**Required action:** Copy each line of the data that has "receptor" in it.

───── Data for this exercise ─────

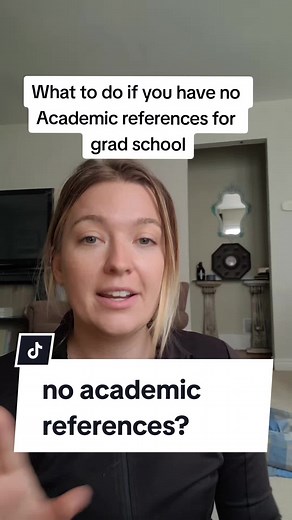 Applying to grad school as a mature student and not sure how to approach academic references? here's what I reccomend doing. #gradschool #mastersdegree #academicreference #noreference #gradschoolapplication #applyingtocollege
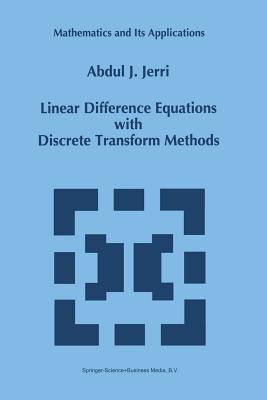 Linear Difference Equations with Discrete Transform Methods - Jerri, A.J.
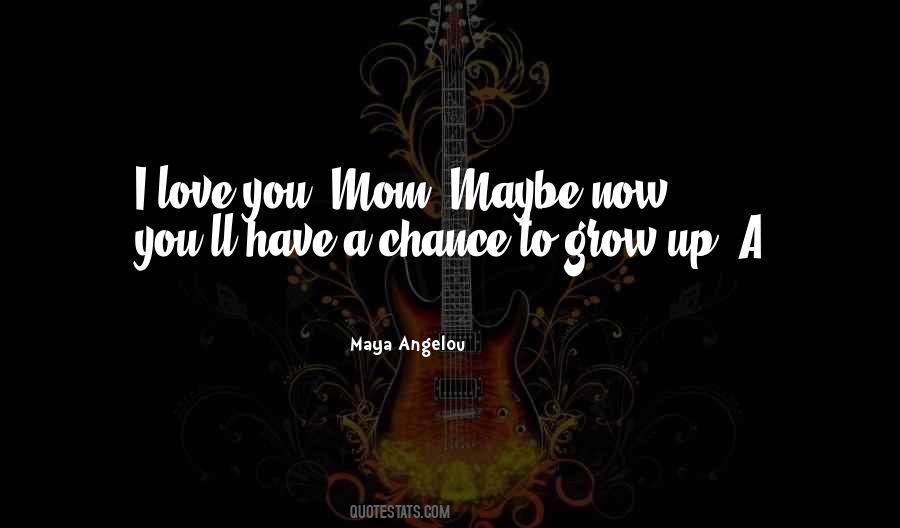 Maya Angelou Love Quotes #1783900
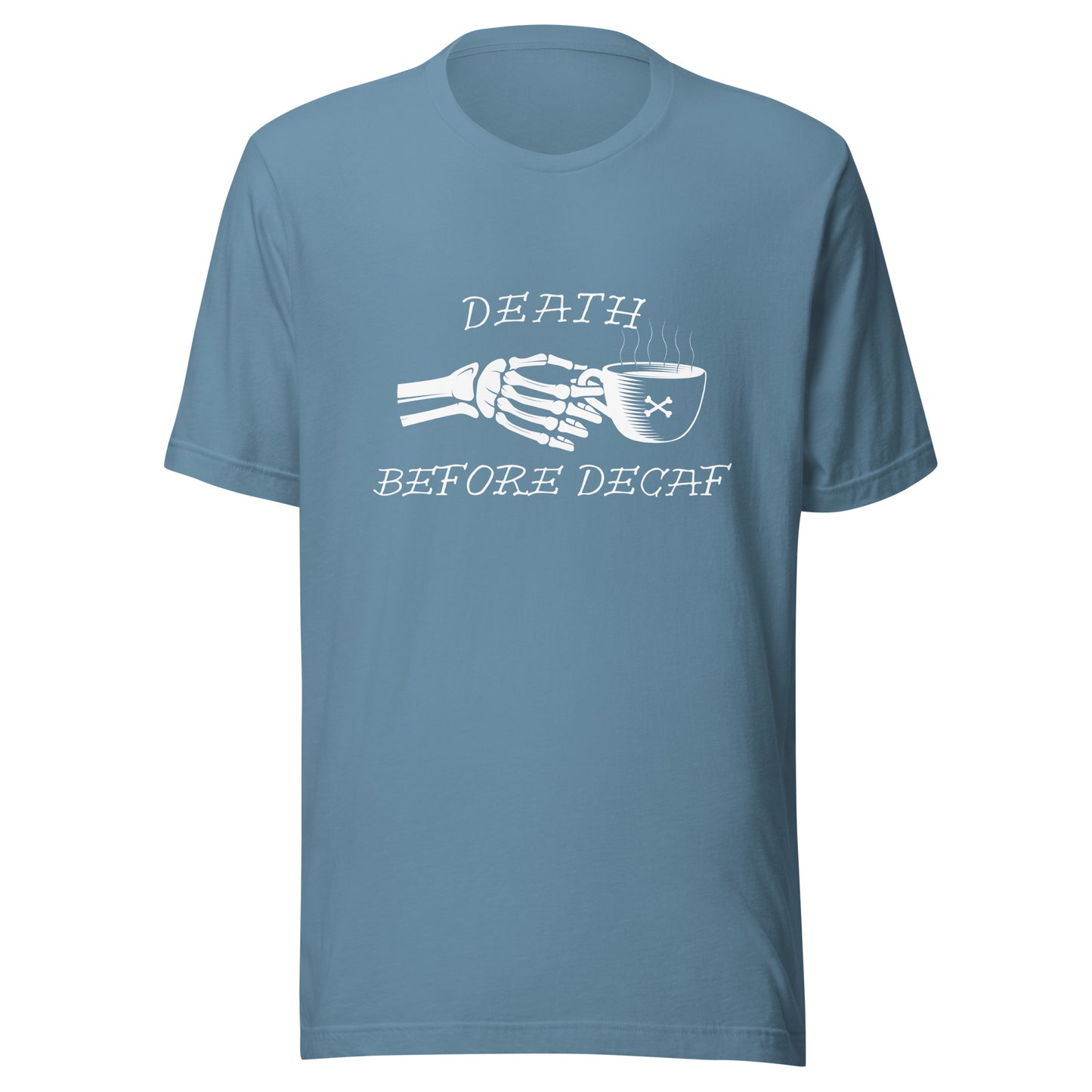 Death Before Decaf Unisex t-shirt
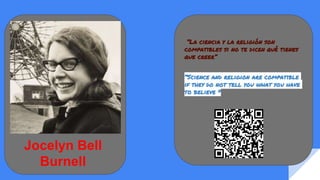 “La ciencia y la religión son
compatibles si no te dicen qué tienes
que creer”
“Science and religion are compatible
if they do not tell you what you have
to believe "
Jocelyn Bell
Burnell
 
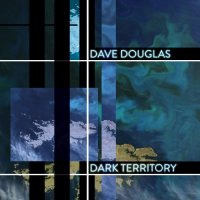 DAVE DOUGLAS - Dark Territory cover 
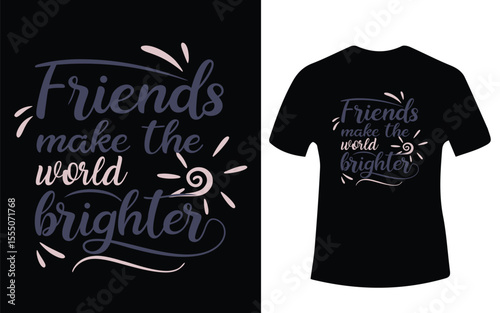 Friends Make the World Brighter T Shirt Design with Positive Message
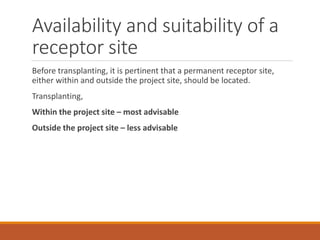Availability and suitability of a
receptor site
Before transplanting, it is pertinent that a permanent receptor site,
either within and outside the project site, should be located.
Transplanting,
Within the project site – most advisable
Outside the project site – less advisable
 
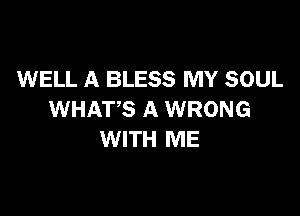 WELL A BLESS MY SOUL

WHAT'S A WRONG
WITH ME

─────

**Task result:**
receptor site
Before transplanting, it is pertinent that a permanent receptor site,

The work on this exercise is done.